Bollinger Bands wrap price in a band that expands and contracts with volatility. They look clever — and they're useful — as long as you read them for what they are.
How they're built
Three lines:
- Middle band — a 20-period simple moving average.
- Upper and lower bands — placed two standard deviations above and below the middle.
Because standard deviation measures how spread out prices are, the bands widen when volatility rises and squeeze when it falls. That breathing motion is the whole point.
What the bands actually tell you
- The squeeze — when the bands pinch tight, volatility is low and a bigger move often follows. The squeeze hints something's coming, not which direction.
- Riding the band — in a strong trend, price can hug the upper (or lower) band for a long stretch. Touching a band is not a reversal signal.

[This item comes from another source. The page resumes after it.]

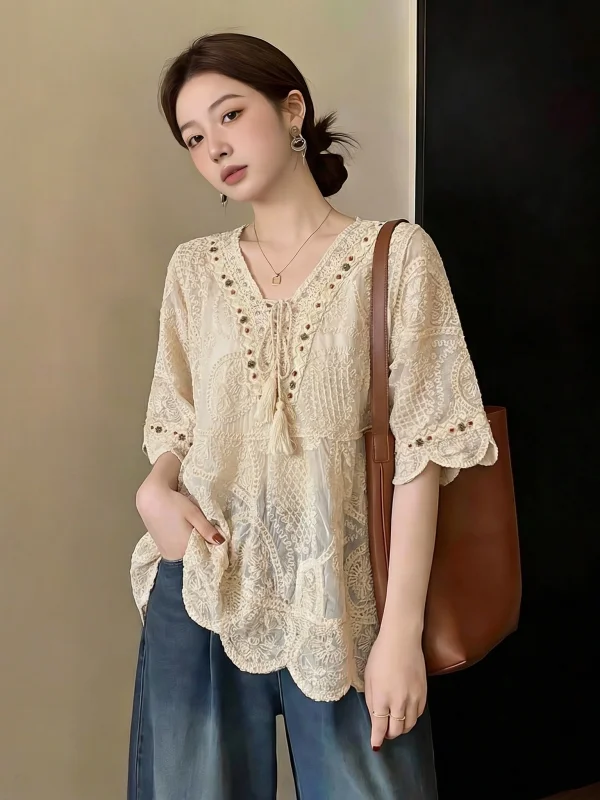 

Lace Shirt Short Sleeve Hollow V-neck Women's plus Size Bohemian Style Top Korean Version Loose Fit Commute Style Summer New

- Mean reversion — in a range, price tends to drift from one band back toward the middle. This only works while the market is genuinely ranging.
The classic trap
Beginners sell every tag of the upper band and buy every tag of the lower one. In a trend that bleeds an account dry. A band touch describes where price is relative to recent volatility — nothing more.
Putting it to work
Bollinger Bands pair well with RSI (for momentum) and clear levels (for where to act). Use the squeeze to anticipate expansion, then let structure confirm direction and your risk/reward define the trade.
The bands measure volatility. They don't predict direction — confluence does.
Education only — not financial advice.